Образ старика, с его добротой, высокими душевными качествами - в одном ряду с образами русских людей, в основном крестьян и крестьянок, которыми мы так восторгаемся в стихах Рубцова («Русский огонёк», «На ночлеге», «Хлеб», «Жар-птица» и др.)

Тональность стихотворения «Старик» - минорная, это элегия, употреблены выражения «всё полно печали», «во мраке тучи грозовой»; тревога разлита в природе, и птицы кружатся и кричат, как пророческое предсказание худших времён. Но образ старика противостоит мраку, он действительно как светлый луч в надвигающихся грозовых сумерках. Душа народа, говорит этим стихотворением поэт, - вот единственная нам опора и поддержка во всех невзгодах.

Теперь немного о том, с помощью каких поэтических приёмов Рубцов создал это стихотворение.

Мы уже говорили - зачин; в первых одной-двух строках он сообщает главную информацию: издалека идёт нищий старик, затем тема развивается (на эту особенность лирики Рубцова первым обратил внимание В.В. Кожинов в своей книге «Николай Рубцов», 1974). Обратим также внимание на повторы (идет - 3 раза, глядит - 4 раза, в простой одежде - 2 раза). Поэт употребляет (тема требует!) очень скупые и обычные определения, эпитеты: простая одежда, грозовая туча, старая голова, голубые глаза, тихие, скупые слова, черные тучи, светлая душа. Вводятся разговорные выражения: идёт себе, пособит, на горбу, зябко. Метафоры и сравнения использованы скупо: осенняя река, с душою светлою, как луч.
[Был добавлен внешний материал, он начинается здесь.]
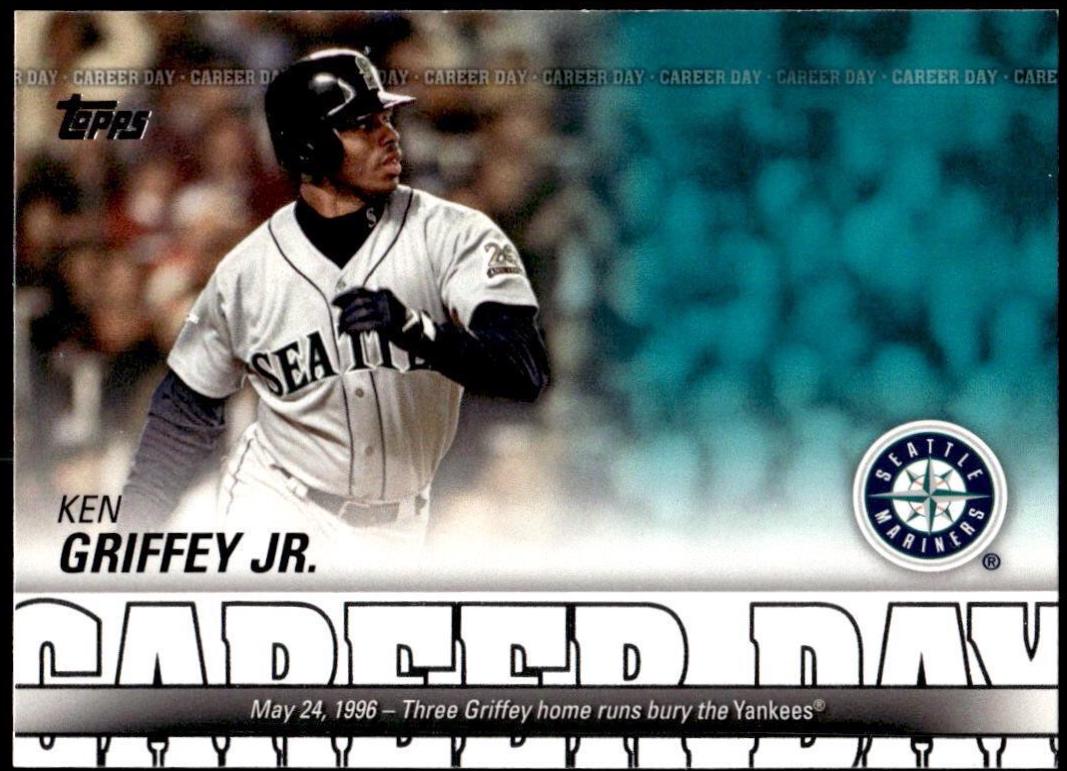 Ken Griffey Jr #CD-2 Baseball Cards 2012 Topps Career Day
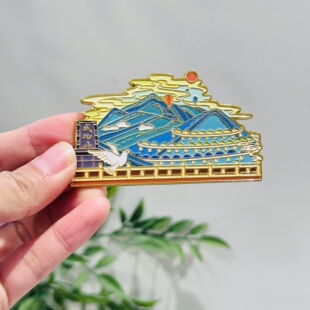 江西金属冰箱贴武功山婺源文创景德镇文创旅游景点纪念品礼物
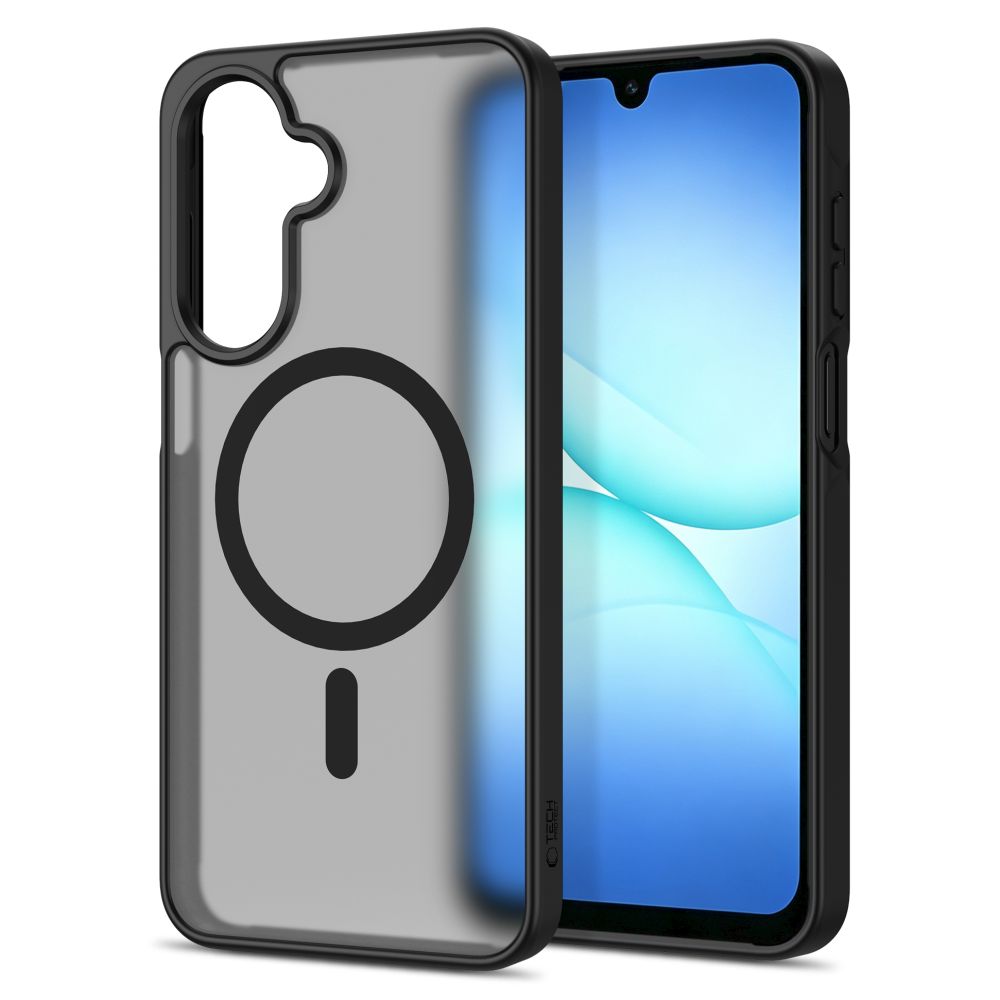 Dėklas Tech-Protect BasicMag MagSafe Samsung Galaxy A16 / A17 / A18 / A26 4G / 5G, matinis juodas -- Galaxy A16, Galaxy...
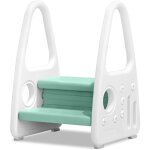 Uisebrt marchepied pour enfant - 2 niveaux tour �ducatif - pour la cuisine, la chambre d'enfant, la salle ...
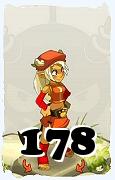 Un personnage du jeu Dofus, Osamodas-Air, au niveau 178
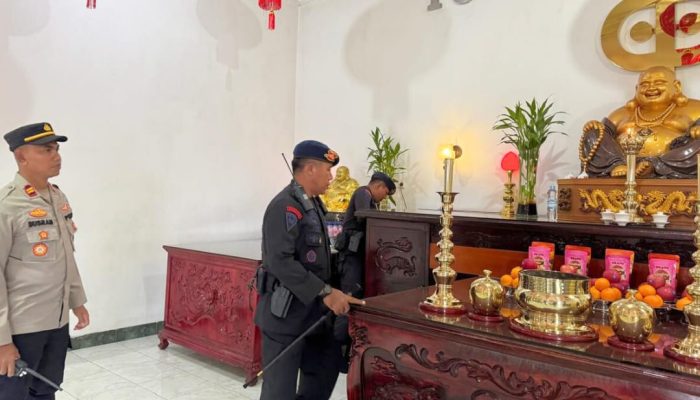 Jaga Keamanan Imlek 2025, Polresta Kendari kerahkan 146 personil
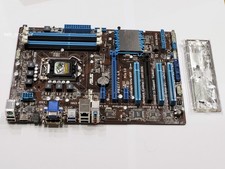 ASUS P8Z77-V LX Sockel 1155 Mainboard Motherboard S1155 inkl. Slotblech / Blende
Рифмы в стихотворении точные (за исключением долго - ёлку), причем очень удачно найдено: зябко - бабка, на горбу - судьбу. Глагольное окончание кричали рифмуется с печали (высшее мастерство!). Мужские рифмы чере­дуются с женскими, использован четырёхстопный ямб, любимый поэтом.

О зиме

Среди описаний природы у Рубцова чаще всего встре­чаются зима, снег, холодный ветер, вьюга, метель. Видимо, в противодействии этим силам наиболее ярко проявляется характер человека, а если он бездомный, бесприютный, то такая погода для него враждебна вдвое.

Интересно сравнить два стихотворения поэта: «Первый снег» (1955) и «Зимняя песня» (1965). Между написанием их десять лет - не такой уж большой временной отрезок, но какая разница в мироощущении, тональности, философском осмыслении жизни!

Тема в обоих произведениях одна: наступление зимы, снег; оба написаны, как песни: в них по пять песенных строф, первая строфа повторяется рефреном в конце (окольцовка — как припев в песне); в обоих простые душевные слова; ярко переданы картины зимы, настроение автора; обе вещи необыкновенно гармоничны.

Ах, кто не любит первый снег

В замерзших руслах тихих рек,

В полях, в селеньях и в бору,

Слегка гудящем на ветру!

Но, если первая песня написана восторженным молодым поэтом, который не может сдержать своего восхищения первым снегом («Ах, кто не любит первый снег...»), то вторая идет от сердца печального, прошед­шего трудную жизнь человека: «Были пути мои трудные, трудные, /Где вы, печали мои?»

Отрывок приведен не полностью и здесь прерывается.